McGinn argues that King Lear examines man in nature and at the
limits of his being and non-being. It is a play about
nothingness, cruelty and things out of place. In this play,
McGinn states, "Shakespeare is distilling tragedy to its
bare existence" (p. 116). There are no supernatural elements
in the play, no ghosts. Lear’s world is one of mindless
causality and evil-minded characters. Evil, it seems, is rampant
throughout the play, but there’s also the opposite - good.
The play is about Lear’s arc from "confident ignorance
to hard-won insight" (p. 128). Concluding his analysis of
this play, McGinn states that Shakespeare felt it was better to
accept ignorance than to "bandy pseudo-scientific
explanations" (p. 133).
Generally agreed to be Shakespeare’s last play, The
Tempest (written about 1610), is structurally similar to
Midsummer Night’s Dream, which he wrote during the beginning
of his playwriting period . Both concern a father marrying off a
daughter; both occur in a magical or enchanted place, and both
feature humans who are mostly lost and foolish, with delusions,
powerlessness and belief in magic. The difference between the two
plays is that Midsummer Night’s Dream focuses on the theme of
power of imagination, while The Tempest is all about the power of
language, connected with magic. Despite the title, McGinn
contends that the "tempest" referred to is more the
"storm of speech... [that] constitutes so much of human
life" (p. 136). The meaning of sounds (language) is what
determines their imprint on the mind, with speech being a kind of
causal influence. Language in the play also helps create its own
world. McGinn offers that language has ambivalence: it can
illuminate and deceive. Since this was Shakespeare’s last
play, McGinn wonders whether the message the Bard intended to
convey was that the time for silence had come. Overall, McGinn
says The Tempest is an "allegory of the solitary
artist’s mind and its inner architecture" (p. 147).

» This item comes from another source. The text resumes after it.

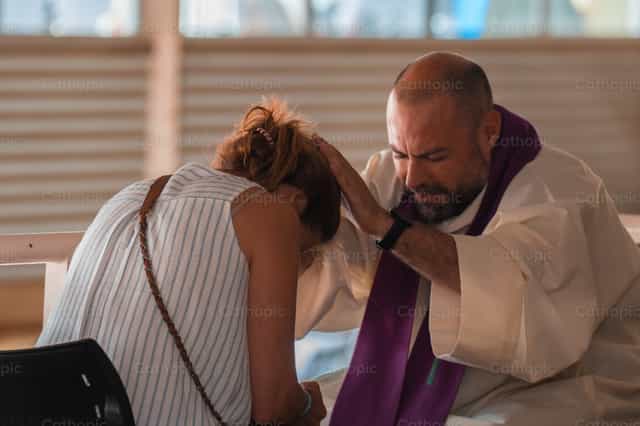 Absolvição dos pecados pelo sacerdote - Imagens católicas de stock - Foto de Rodrigo De Miguel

This well-written book examines Shakespeare and principal
characters from six of his plays (two comedies and four
tragedies). It is obvious that McGinn, himself a philosopher,
clearly delights in relating philosophical aspects of
Shakespeare’s vivid characters, their actions, and their
world. Easy to digest, the book is a terrific addition to
scholarly works on perhaps the world’s best-known playwright.
For anyone who seeks to find deeper philosophical meaning in
Shakespeare’s works, there’s no better source than
McGinn’s Shakespeare’s Philosophy.
Suzanne Kane is a Los Angeles-based freelance writer,
editor and screenwriter.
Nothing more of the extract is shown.